2020 Yılı itibarıyla dünyada yayılımını artıran kovit salgını pek çok ekonomik ve sosyal değişken üzerinde etkili olmuştur. Beklenmedik sistemik bir risk olarak küresel iş yapış şekillerinden karar alma süreçlerine kadar pek çok yönetsel süreç yeni şartlara göre şekillenmek zorunda kalmıştır. Bu tür, ’siyah kuğu’ olarak adlandırılan beklenmedik geniş etki alanlı olayların sektörleri de tesir altına alması kaçınılmaz bir sonuç olarak karşımıza çıkmaktadır. Diğer sektörlerde olduğu gibi inşaat ve gayrimenkul sektörleri de gerek iş yapış gerekse talep yönlü süreçten etkilenmiştir.

Salgın ve buna bağlı aşılama süreci ekonomi yönetimleri ile finansal karar alıcılar açısından çok dikkatli izlenmesi gereken bir durum arz etmektedir. 2020 yılı sonuna doğru aşı çalışmalarının hızlanması bunu takiben dünyada bazı ülkelerde ve Türkiye de aşı uygulamalarının başlaması salgının önlenebilmesi adına son derce önemli bir gelişme olarak nitelendirilebilir. Aşılamanın yaygınlaşması ekonomik ve sosyal hayatta normalleşebilme sürecinin hızlanacağı beklentisini yükseltmiştir. Ancak 2021 yılı ilk yarısı itibarıyla virüsün daha hızlı bulaşan mutasyonlara uğraması başta Hindistan, Brezilya ve bazı AB ülkelerinde dördüncü dalga endişelerini de artırmıştır. Diğer taraftan aşılamada daha hızlı davranan ülkelerde dahi ‘delta’ varyantının etkisinin artması dikkat çekmektedir.

Yapılan analiz ve gözlemlerde pek çok ülkede eskisi gibi bir kapanmanın olmayacağı beklentisi hakimdir. Bu nedenle vaka sayılarındaki artışın ekonomiyi eskiye oranla etkisinin daha az olabileceği düşünülebilir.

Küresel olarak ekonomik gidişat konusunda önemli göstergelerden birisi olan büyüme tahminlerine baktığımızda ise genel bir fotoğraf çıkarmak mümkündür. Uluslararası Para Fonu (IMF), Temmuz ayı Dünya Ekonomik Görünüm raporunda küresel ekonominin 2021 yılında yüzde 6, 2022’de de yüzde 4,9 büyüyeceği yönündeki tahminini sabit tutmuştur. Söz konusu raporda başta Asya olmak üzere gelişmekte olan ülkelerde ekonomik büyüme beklentisi aşağı doğru revize edilirken, gelişmiş ülkelerde ise yükseltildiği belirtilmiştir. IMF’nin Nisan ayı raporunda, Türkiye ekonomisinin 2021 yılında yüzde 6, 2022’de ise yüzde 3,5 büyüyeceği tahmini yaparken son raporunda 2022 yılı büyüme tahminini yüzde 3,3 oranına revize etmiştir.
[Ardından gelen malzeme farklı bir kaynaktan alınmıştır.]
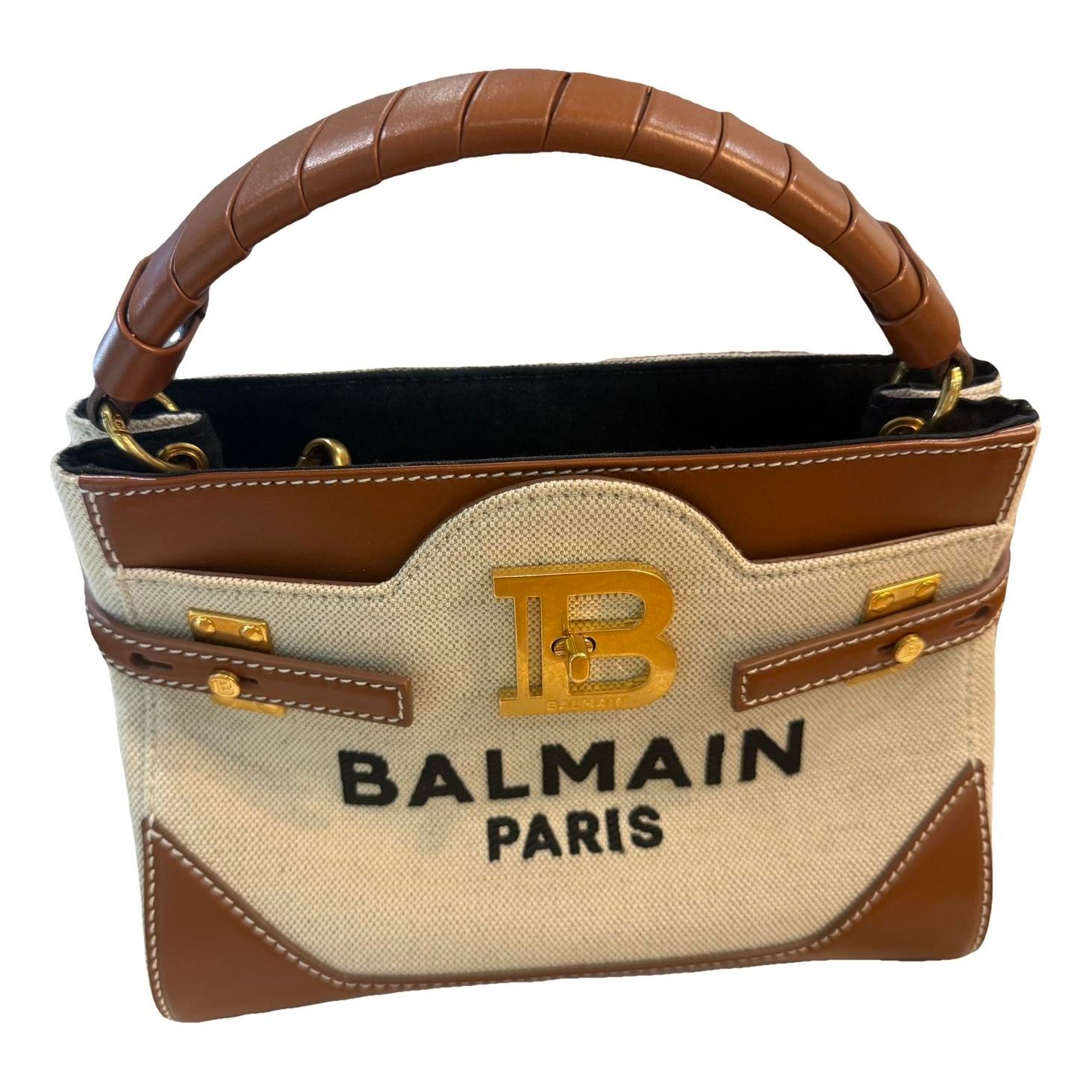BBag 18 leather crossbody bag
Gerek küresel salgın gerekse ülke bazlı farklı sorunların en önemli etkisi de gelir dağılımı ve kazançlar üzerinde olmuştur. Bu yüzden pek çok sektör ve tüketicide eğilimlerini buna göre şekillendirmek durumunda kalmışlardır. Gayrimenkul ve inşaat sektörü de bu süreçten etkilenmiştir.
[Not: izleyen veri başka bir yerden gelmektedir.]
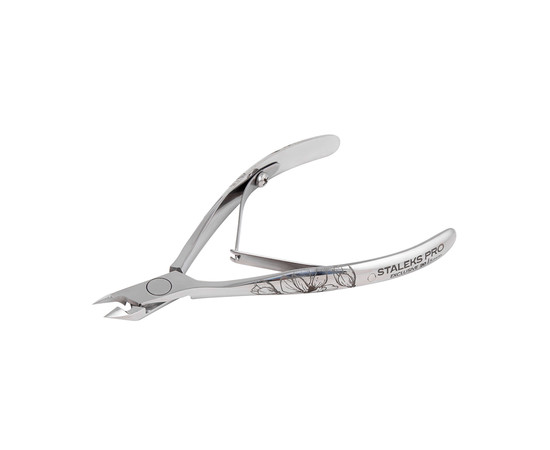 Зображення 3 Кусачки профессиональные для кожи STALEKS PRO EXCLUSIVE 20 Magnolia NX-20-5
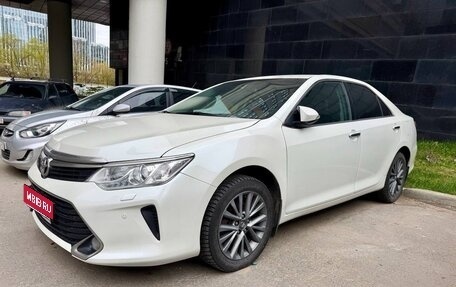 Toyota Camry, 2016 год, 2 349 000 рублей, 1 фотография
Ülkemizde inşaat ve gayrimenkul sektörünün en önemli göstergelerden birisi olan ‘konut satış’ rakamlarına baktığımızda ise durum şöyledir; 2021 yılının ilk yarısına baktığımızda konut satışlarının bir miktar hız kaybetmiş olduğunu görmekteyiz. 552 bin adetlik toplam satış bir önceki yılın aynı döneminde 624 bin adet olarak gerçekleşmişti. Asıl kayda değer düşüş ise kredi faizlerindeki yükselmeye paralel olarak ipotekli satışlarda yaşanmıştır. 2020 yılı ilk yarısında 266 bin adet olan satışlar 2021 yılının aynı döneminde yüzde 60,9 azalarak yaklaşık 104 bin adet civarında gerçekleşmiştir. Satışlarda yaşanan düşüşü tetikleyen unsurlar ise şöyle ifade edilebilir; mevsimsel etkilerden kaynaklı kış aylarında yaşanan gerileme, salgın etkisi(kapanma) ve talep dalgalanması, artan faizlerin yarattığı alternatif maliyet ve beklentiler olarak özetlenebilir. Ticari gayrimenkullerde ise uzunca bir süredir yaşanan durgunluk devam ediyor görünmektedir. Bu süreçte değişen ticaret anlayışı, salgının etkileri ve arzın göreceli olarak fazla olmasının etkileri bulunmaktadır.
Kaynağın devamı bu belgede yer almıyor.